Take care, Christian, to correct yourself within and to be good, and you shall be truly good, otherwise whatever you may do, you will be, as always, evil. Hence, you see that faith renews a man and is the root of good works.

It is not possible to correct yourself rightly if you do not recognize the evil hidden in your heart and the calamities that proceed from it. An unrecognized disease remains untreated. The beginning of health is to know your disease, and the beginning of blessedness is to know your misfortune and wretchedness. For who having recognized his illness does not seek healing, and who knowing his misfortune does not seek deliverance from it?

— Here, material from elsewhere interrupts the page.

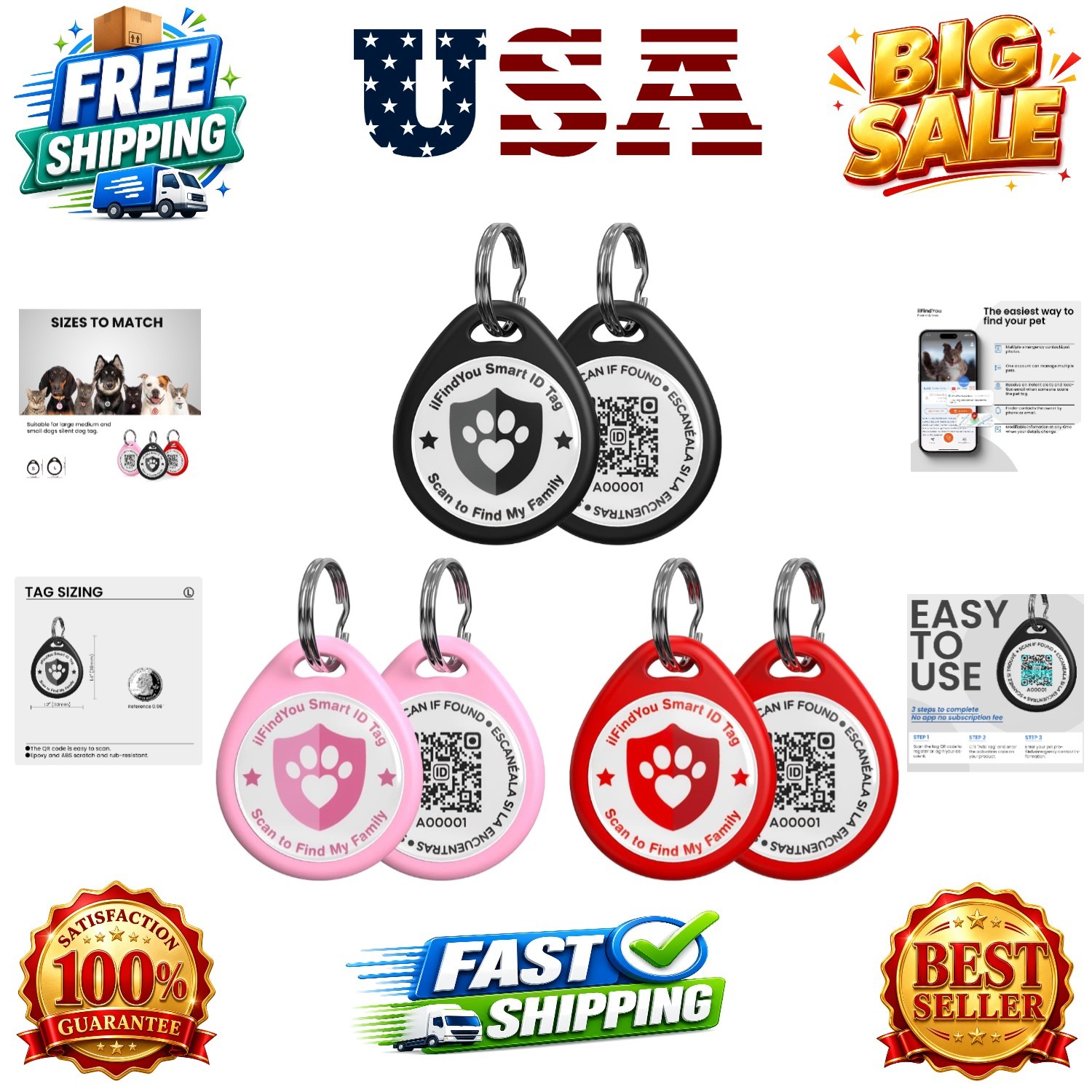 3 Pack Dog Tags Personalized, QR Code Pet ID Tags for Dog Collar, Online Prof…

Therefore, recognize the evil that hides itself within you as a deadly poison, and you will hasten to be delivered from it. And the more you recognize it, the more zealously you will seek deliverance. The evil hidden in the human heart is conceit, self-will, envy, wrath, avarice, impurity, and every abominable thing. From these things proceed all iniquity as a foul stream flows from a noisome spring. Look often into your heart and little by little you will come to understand this.

An untreated disease threatens death, likewise this evil, when it remains uncorrected, threatens eternal death. From the recognition of this evil proceeds the recognition of your misfortune and wretchedness. From the recognition of misfortune and wretchedness proceed the fear of eternity, humility, sighing, and the desire and zeal for deliverance from misfortune. God "giveth grace unto the humble" (Jas. 4:6), which corrects and renews a man. So the man who knows himself begins to correct himself and gets progressively better. Know yourself, then, and you shall correct yourself.

Temptations and trials show what hides in the heart of a man. Temptation is similar to the medicine called an emetic. An emetic reveals what is hidden in the stomach. So temptations and trials make manifest what is inside a man. The holy word of God and other Christian books point out the corruption of our nature, but we recognize it by actual experience or deed in temptations and trials.

Thus vainglory becomes apparent through the deprivation of glory, avarice through the deprivation of riches, envy through the success of one's neighbor, and anger through disappointment. If, then, you fall into various temptations, O Christian, this all happens by God's permission for your great benefit, that you may thereby know what is hidden in your heart, and so knowing it you may correct yourself. Many flatter themselves and consider themselves to be good, humble, and meek, but they will discover the contrary under temptation. Do not become despondent in temptations, then, but give all the more thanks to God that He thus brings you to knowledge of yourself and wishes you to be corrected and be saved.